• **ACTION ITEM**: Print, please, exactly the lines from the one with "Free Deliciously golden" through the final line of the data below, with both ends included and the pictures left out.
+++++
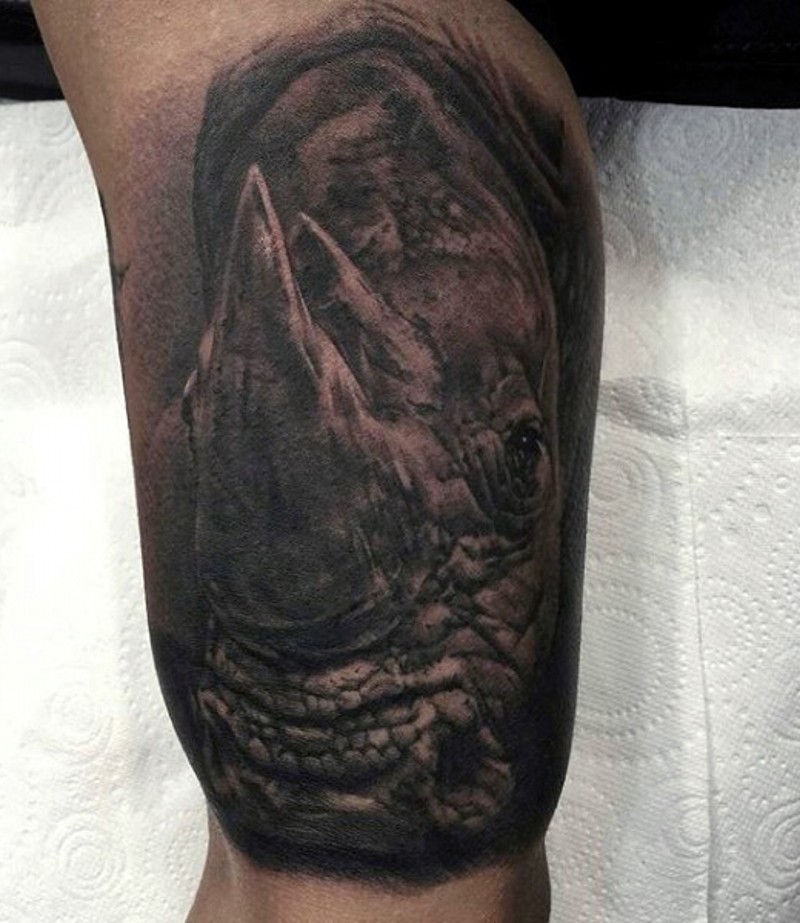 Typical 3D style arm tattoo of detailed rhino head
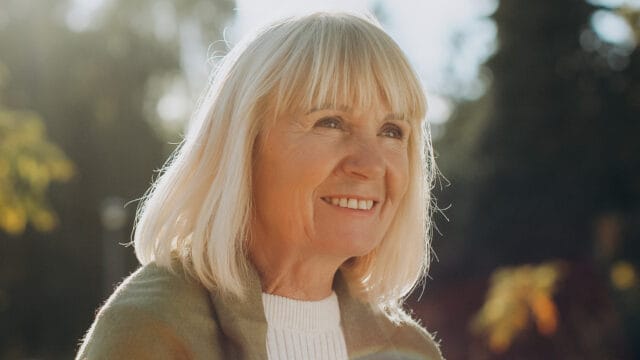 A smiling older woman with blonde hair looking away from the camera.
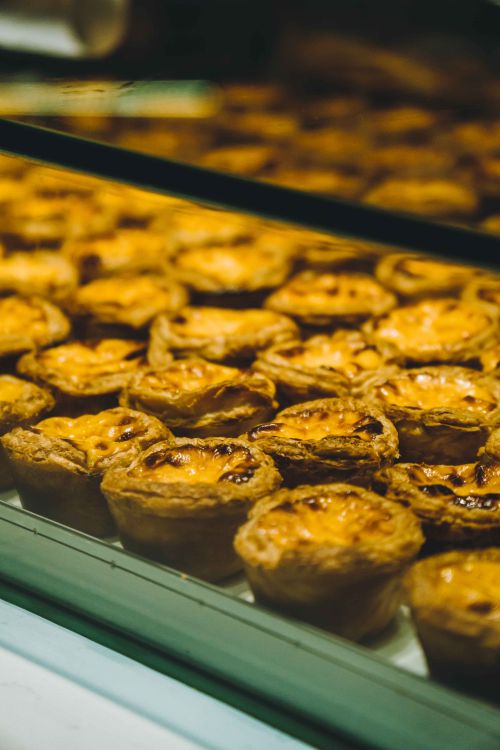Free Deliciously golden egg tarts displayed in a bakery window in Kuala Lumpur, Malaysia. Stock Photo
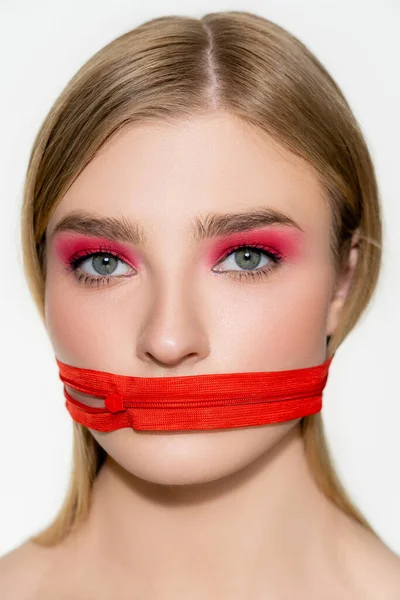 Junge Frau mit rotem Lidschatten und Reißverschluss am Mund blickt vereinzelt auf graue Kamera — Stockfoto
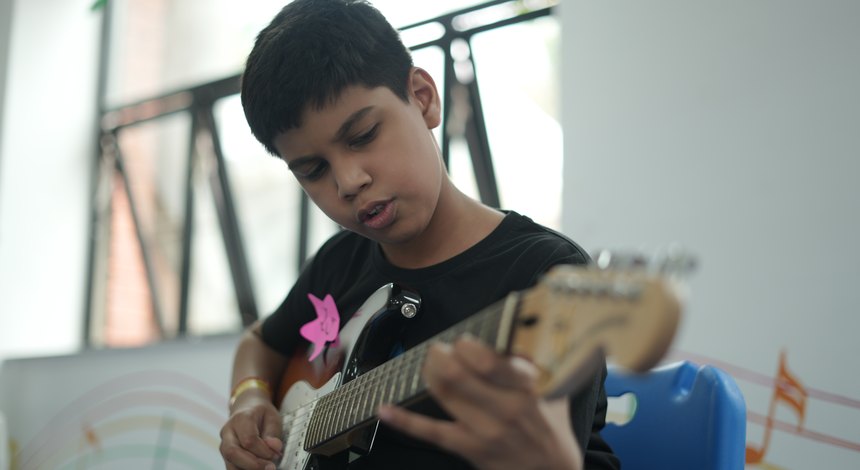 A guitar, and a hall listening, The Rising Stars Championship at Birla Open Minds International School, Bhopal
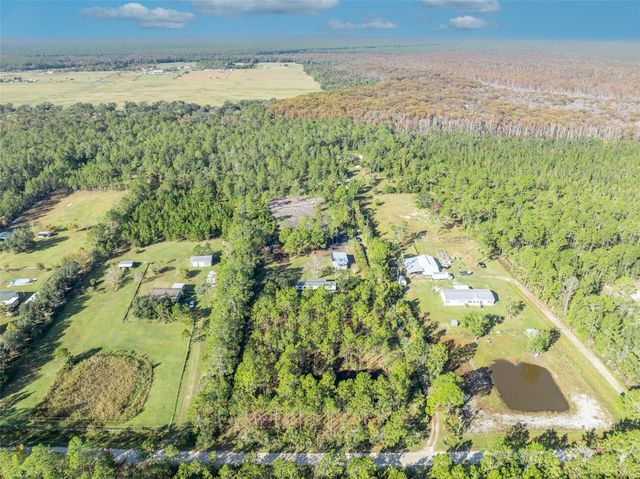 6180 WINNING WOOD TRAIL, De Leon Springs, FL 32130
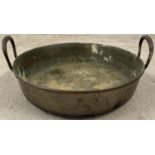 An antique brass two handled shallow pan with rivet detail to handles.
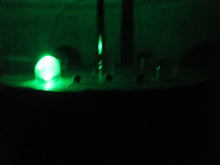 REM POD dark w green light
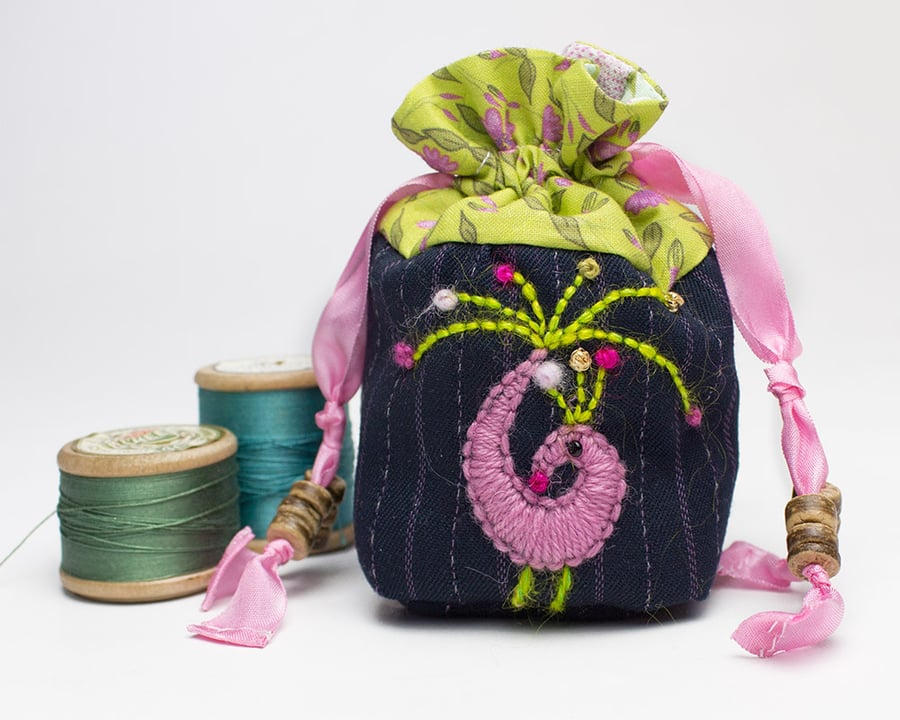 Miniature navy pinstripe drawstring bag with hand embroidered peacock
+++++
• **FINISHED EXERCISE**:
Free Deliciously golden egg tarts displayed in a bakery window in Kuala Lumpur, Malaysia. Stock Photo
 Junge Frau mit rotem Lidschatten und Reißverschluss am Mund blickt vereinzelt auf graue Kamera — Stockfoto
 A guitar, and a hall listening, The Rising Stars Championship at Birla Open Minds International School, Bhopal
 6180 WINNING WOOD TRAIL, De Leon Springs, FL 32130
 An antique brass two handled shallow pan with rivet detail to handles.
 REM POD dark w green light
 Miniature navy pinstripe drawstring bag with hand embroidered peacock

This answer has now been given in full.